Content starts

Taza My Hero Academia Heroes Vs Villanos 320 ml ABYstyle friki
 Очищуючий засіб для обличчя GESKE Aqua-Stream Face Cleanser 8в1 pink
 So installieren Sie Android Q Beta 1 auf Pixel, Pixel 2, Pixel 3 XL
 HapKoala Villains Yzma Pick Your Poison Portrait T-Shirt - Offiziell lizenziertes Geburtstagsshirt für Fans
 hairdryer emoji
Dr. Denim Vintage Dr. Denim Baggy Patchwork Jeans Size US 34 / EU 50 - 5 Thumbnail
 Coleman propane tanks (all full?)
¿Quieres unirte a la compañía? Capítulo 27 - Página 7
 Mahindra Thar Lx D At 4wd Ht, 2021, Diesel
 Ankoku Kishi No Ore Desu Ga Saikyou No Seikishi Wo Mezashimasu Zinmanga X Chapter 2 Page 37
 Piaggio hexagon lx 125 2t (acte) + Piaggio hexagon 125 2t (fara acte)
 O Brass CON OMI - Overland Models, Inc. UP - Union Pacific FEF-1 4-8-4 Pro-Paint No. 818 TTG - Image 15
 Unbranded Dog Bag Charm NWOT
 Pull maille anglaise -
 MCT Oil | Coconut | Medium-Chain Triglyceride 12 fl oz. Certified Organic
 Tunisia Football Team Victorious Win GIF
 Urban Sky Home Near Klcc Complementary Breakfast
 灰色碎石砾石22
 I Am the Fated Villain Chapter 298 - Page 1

Content ends

What is needed: Return each line of the entries that holds the string "Chapter".

Output below:
 Ankoku Kishi No Ore Desu Ga Saikyou No Seikishi Wo Mezashimasu Zinmanga X Chapter 2 Page 37
 I Am the Fated Villain Chapter 298 - Page 1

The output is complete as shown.